In a blog post last week titled "National Accounts Show Stimulus Did Not Fuel GDP Growth," Taylor writes:

Along with the news that real GDP growth improved from -0.7 percent in the second quarter to 3.5 percent in the fourth quarter, the Bureau of Economic Analysis (BEA) released detailed National Income and Product Account tables...These tables make it very clear that the $787 billion stimulus package had virtually nothing to do with the improvement. Of the 4.2 percent improvement, more than half (2.36 percentage points) was due to firms cutting inventories at a less rapid pace, which has nothing to do with the stimulus. (For the details look at BEA’s Table 2 which shows that the contribution of inventory investment increased from -1.42 to .94 which equals 2.36.)

What about the other components of GDP? In particular what about government spending, which was supposed to be a big part of this stimulus? Government spending was a negative factor, subtracting 0.9 percentage points from the change in GDP growth.

(emphasis mine)

While nothing about Taylor's math is technically inaccurate, his interpretation strikes me as way off. Taylor is looking at a table which breaks down the sources of the percentage change in GDP growth and then taking the difference between the two:

Examined in this manner, you certainly do get that there was a 0.9 percentage point drop in the contribution of government spending to GDP growth. (Here is a good explanation of the difference between percent and percentage point.)

But being a "negative factor" for the change in GDP growth isn't the same thing as saying government spending "had virtually nothing to do" with GDP growth, which is of first-order importance. (Gov't spending did contribute to GDP growth -- it was 0.48 percentage points of the total 3.5% gain as the table above shows. It just contributed less to GDP growth than it did the previous quarter.)

I'm not arguing that government spending was a huge part of the Q3 GDP story, but as Noam first wrote last week, it certainly doesn't mean the opposite either:

Meanwhile, federal government spending increased at a 7.9 percent rate after increasing 11.4 percent in the third quarter, which means we're moving past the point where the stimulus is going increase GDP growth. (That's not the same as saying the stimulus is decreasing GDP. The stimulus is still inceasing the overall level of GDP. But obviously growth is the change from one quarter to the next, so a smaller absolute increase is actually a drag on the change in GDP growth.)

So, why is Taylor bending over backwards here? My pet belief about these things is that any academic economist who advises a political candidate loses much of his or her credibility. Taylor is -- along with many top university economists -- probably no exception here, most recently working for John McCain during the '08 elections. But it's also a bit of the chicken-and-egg dilemma, too: Is Taylor pushing this particular view of Q3 GDP because of his prior beliefs, or did becoming a cog in a political party's machine change his views? It's probably the first, but having to ask this question means that politics and academia don't mix well. There's certainly a strong incentive for academics to become liars about their own beliefs or ignore what they've learned when they choose to work for political candidates, which just seems seriously inefficient.

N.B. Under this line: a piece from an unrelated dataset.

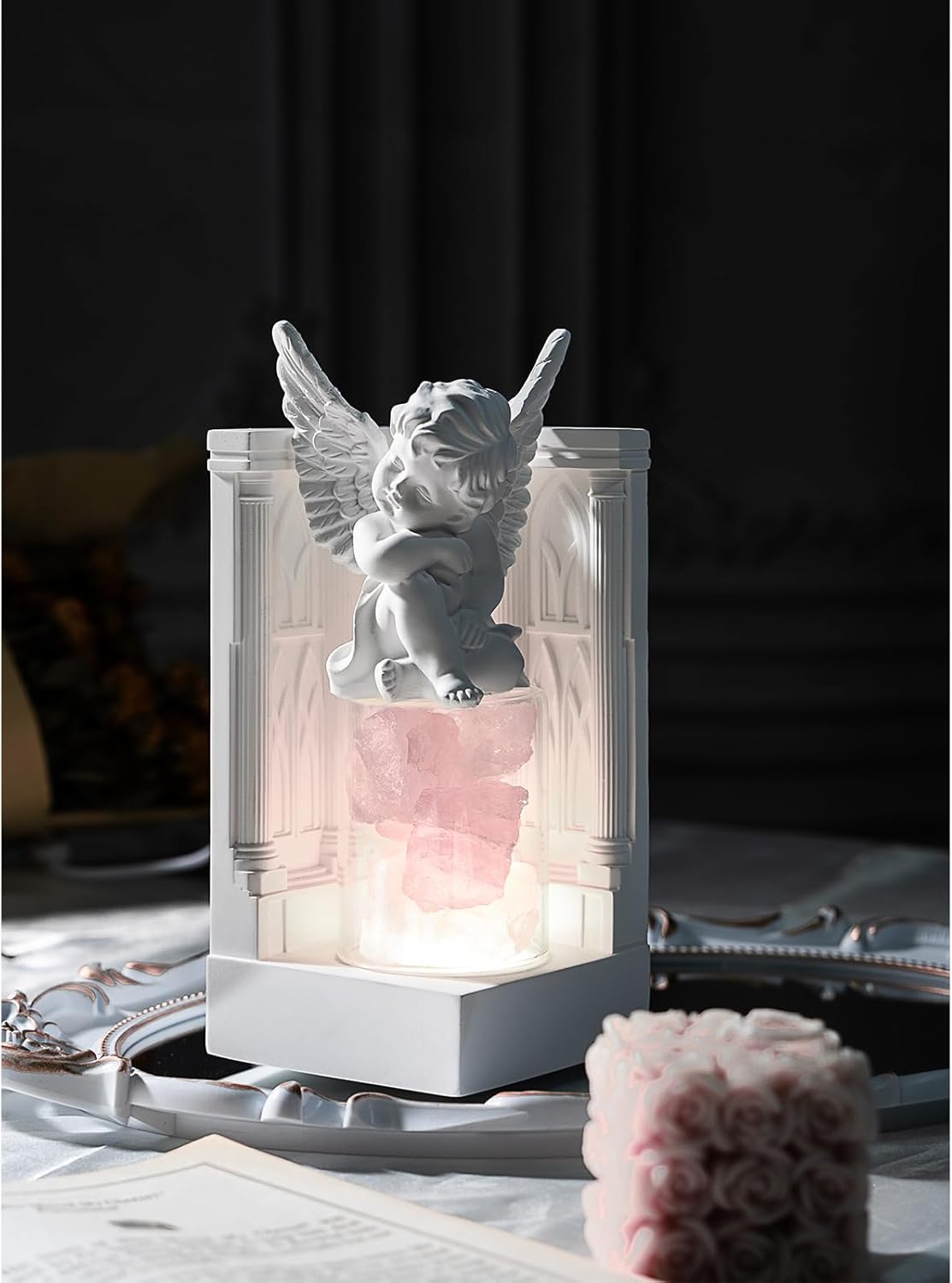 Handmade Gypsum Aroma Lamp with 3 Color Lighting
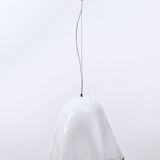 White Blown Glass Pendant Mod. Zenda by Luciano Vistosi, Italy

On the other hand, I suppose you could argue that it's a lot easier to ignore Taylor now, whereas hardcore partisans like Krugman and Casey Mulligan (both of whom I don't believe have ever officially advised a candidate) can still get mileage out of their relatively pure academic credentials.

P.S.: According to the link at the top of this post, Krugman is the 8th most influential economist in the world and Mulligan is ranked 309, which isn't too shabby either. 

P.P.S.: One simple way to assess the relative impact of government spending on the final GDP number is to compare it with the impact of other areas at the same categorical level. These other areas are personal consumption expenditures, gross private domestic investment, and net exports. By the table above, the average absolute value for all four categories in the second quarter was 1.68 percentage points and 1.15 in the third quarter. So, gov't spending's impact on GDP was 80% of the average in Q2 and 42% of the Q3 average.